My group and I arrived at the conclusion that Awareness, especially, either needs to be Perception+General OR every PC should start with it, but keep it Perception+Fieldcraft to determine how difficult it is to raise beyond the basic level. If you're meant to be the kind of people who might survive your first year in the Guard, basic battlefield awareness and not being ganked by Eldar should be a pretty common skill!

You need better than starting awareness to keep from having an Ranger make a called shot to your melon and splattering your brains over the landscape. Dem Eldars is neaky gitz.

Fenrisnorth said:

You need better than starting awareness to keep from having an Ranger make a called shot to your melon and splattering your brains over the landscape. Dem Eldars is neaky gitz.

Between high unnatural Agility, chameleonine cloaks and high Stealth skill, a ranger could be pissing on top of your standard issua flak helmet and you'd still fail to notice him no matter how high your Awareness is.

UA doesn't help you win the opposed check. and conceal is all or nothing; but yeah, good Stealth, high AGI, and Chameleoline does kinda give them a +120% or so to their roll.

Compared to others like Finesse or Fieldcraft, "offense" seems rather lacking in what it affects. Can't really even say its a generalist combat thing…

Fenrisnorth said:

UA doesn't help you win the opposed check.

It does, actually… just not in an immediately obvious manner. Unnatural Agility helps you win the opposed check, it just doesn't help pass the Stealth Test.

Assuming, like the Dark Eldar in the Black Crusade book, that an Eldar Ranger has Unnatural Agility (3). With the Agility of 50 and Stealth +20 translated from their statblock in Creatures Anathema, and the +20 from a Chameleoline Cloak, they've got a basic 90% chance to pass a Challenging (+0) Stealth Test by itself… but the overwhelming majority of Stealth Tests are Opposed by someone else's Awareness.

An average Guardsman on patrol, trained in Awareness and with a single advance in Perception, has a 36% chance of passing an Awareness Test.

If both successfully pass (just over 32% of the time), then Degrees of Success are the first port of call to determine who wins. With Unnatural Agility (3), the Ranger gets a bonus Degree of Success, so will score a minimum of 2 DoS on a pass, and a maximum of 10. The Guardsman can score a minimum of 1, and a maximum of 4. If Degrees of Success are tied, then the tie is broken by the highest Characteristic Bonus - the Ranger has an AB of 8, compared to the Guardsman's PB of 3, so the Ranger wins all ties here.

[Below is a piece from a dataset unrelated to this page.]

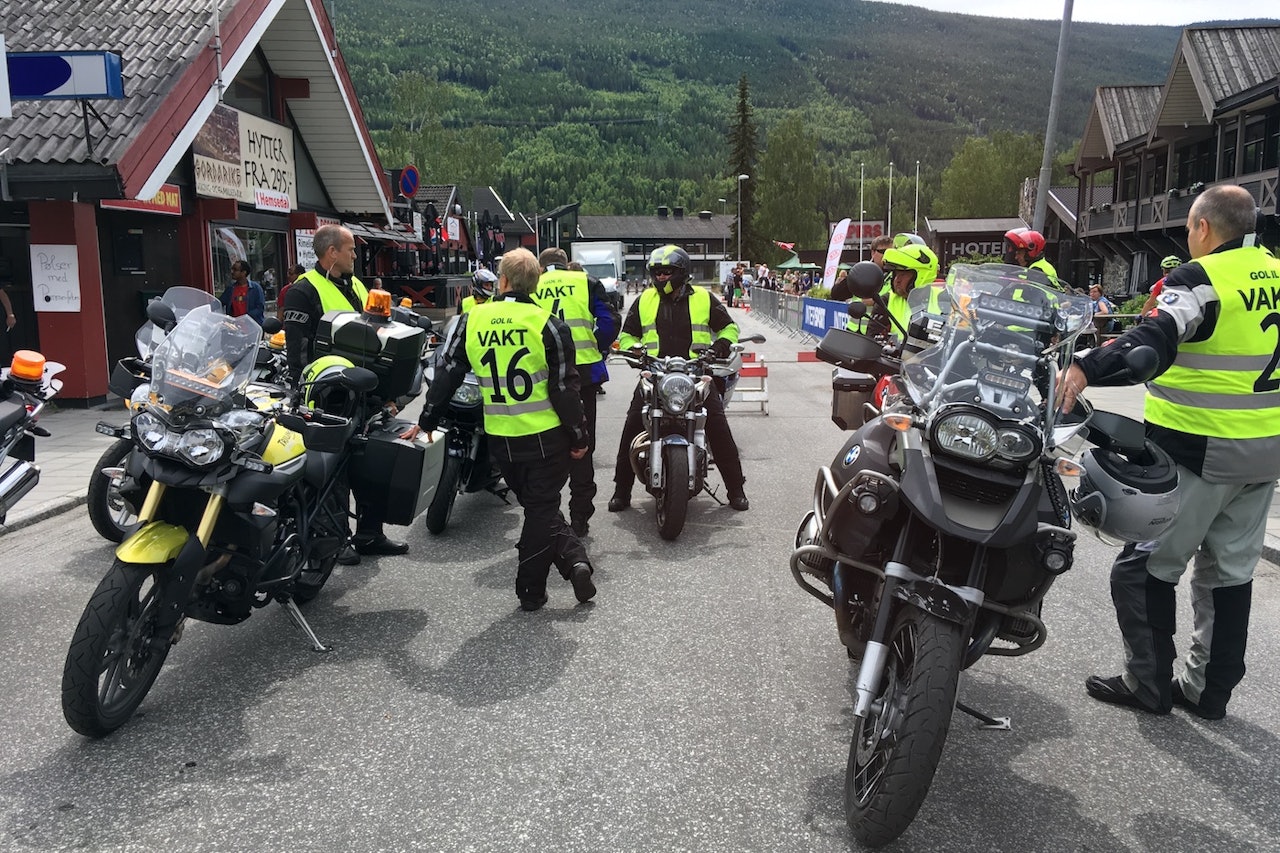 KOMPLISERT: Omfattende krav til kursing av løypevakter gjør at flere arrangører har måttet legge sine ritt på is. Foto: Ingeborg Scheve KOMPLISERT: Omfattende krav til kursing av løypevakter gjør at flere arrangører har måttet legge sine ritt på is. Foto: Ingeborg Scheve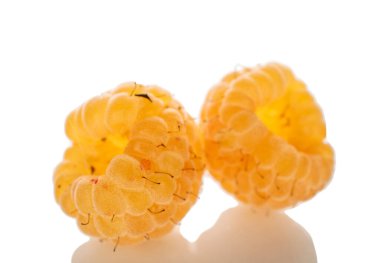 İki ahududu, makro, beyaz arka planda izole edilmiş..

This means that the Guardsman needs to roll a 16 or less (3+ Degrees of Success) to have even the slightest chance of success if the Ranger also passes, and only if the Ranger's roll is particularly high.

The Ranger's chance of sneaking past the Guardsman successfully… 78%. Removing Unnatural Agility knocks that down by about 2.5%.

The Guardsman's total chance of spotting the Ranger, all else being equal… a little under 6%, which includes the odds of him passing and the Ranger failing. If the Ranger lacked the Unnatural Agility, that would go up by 2-3%. It isn't much, but it's something.

Admittedly, it matters more when the difference between the two tests isn't quite so extreme, but it still has an effect.

Still, Guardsman being a little more attentive would help their survival chances a lot. Especially as every PC is going to buy Awareness anyway, because c'mon, man, Awareness.

Of course, we all know the best way to spot Eldar is Psyniscience, since their entire species is made up of psykers, even if they're weak ones.

Night10194 said:

Still, Guardsman being a little more attentive would help their survival chances a lot. Especially as every PC is going to buy Awareness anyway, because c'mon, man, Awareness.

Of course, we all know the best way to spot Eldar is Psyniscience, since their entire species is made up of psykers, even if they're weak ones.

Interestingly [and off topic], all eldar have roughy the same psychic strength. They are simply taught to repress it since the gift is dangerous, making most seem weaker than they actually have the potential to be.